- **Information given**:

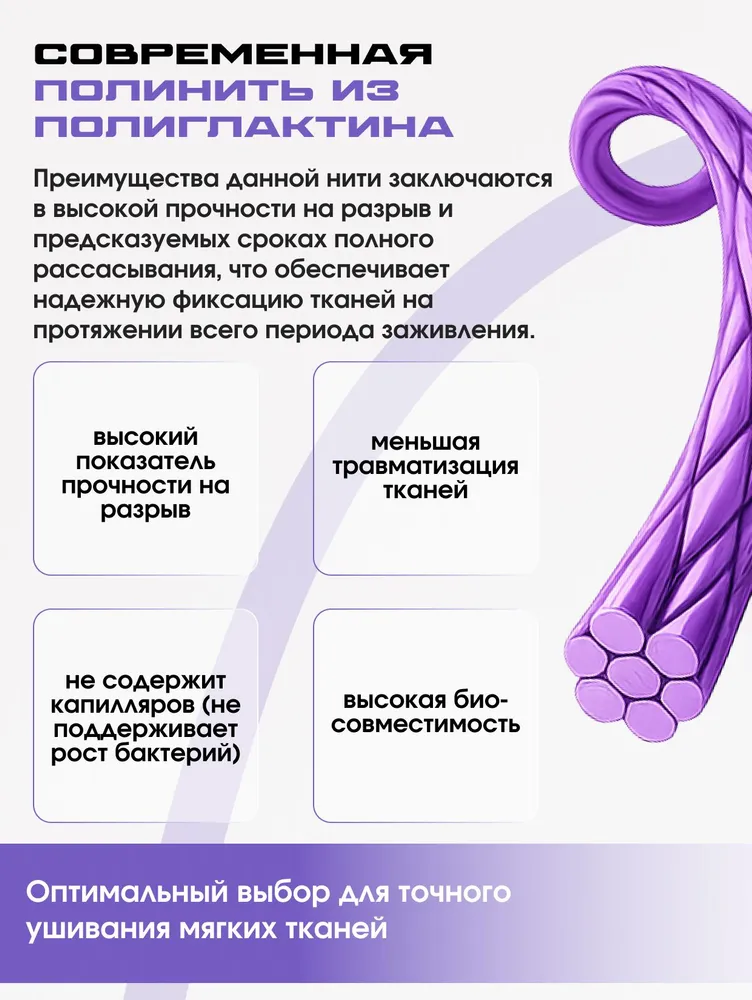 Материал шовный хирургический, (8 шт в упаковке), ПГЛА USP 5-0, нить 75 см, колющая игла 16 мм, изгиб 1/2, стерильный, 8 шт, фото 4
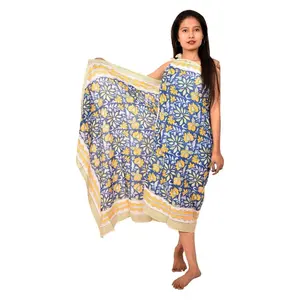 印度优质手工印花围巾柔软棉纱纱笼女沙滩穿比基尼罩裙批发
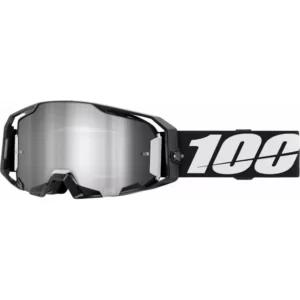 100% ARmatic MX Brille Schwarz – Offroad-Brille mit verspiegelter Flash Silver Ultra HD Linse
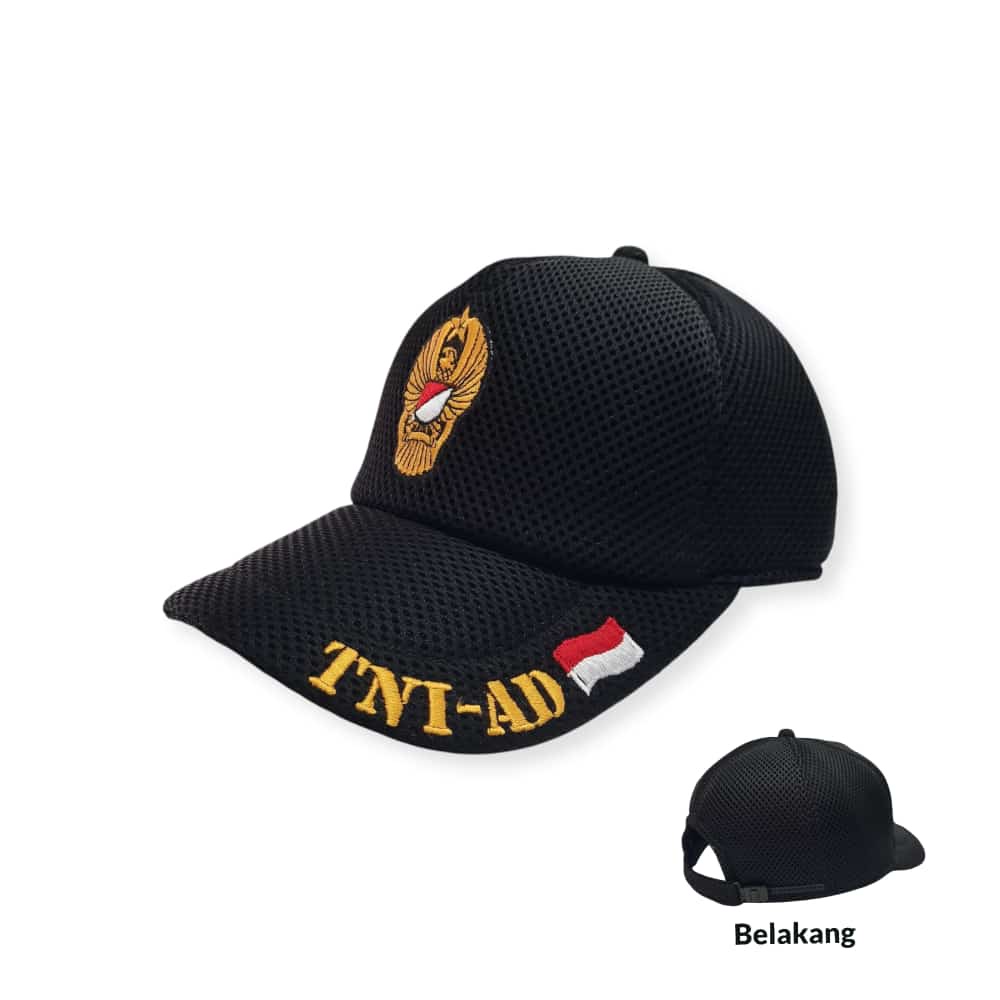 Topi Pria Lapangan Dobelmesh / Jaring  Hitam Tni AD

==

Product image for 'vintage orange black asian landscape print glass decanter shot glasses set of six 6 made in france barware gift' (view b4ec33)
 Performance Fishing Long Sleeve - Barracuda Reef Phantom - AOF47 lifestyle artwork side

- **Problem description**: Go down the entries above from the line containing "印度优质手工印花围巾柔软棉纱纱笼女沙滩穿比基尼罩裙批发" to the line containing "Topi Pria Lapangan" and write out each line exactly, leaving pictures out.

- **Response**:
 印度优质手工印花围巾柔软棉纱纱笼女沙滩穿比基尼罩裙批发
 100% ARmatic MX Brille Schwarz – Offroad-Brille mit verspiegelter Flash Silver Ultra HD Linse
 Topi Pria Lapangan Dobelmesh / Jaring  Hitam Tni AD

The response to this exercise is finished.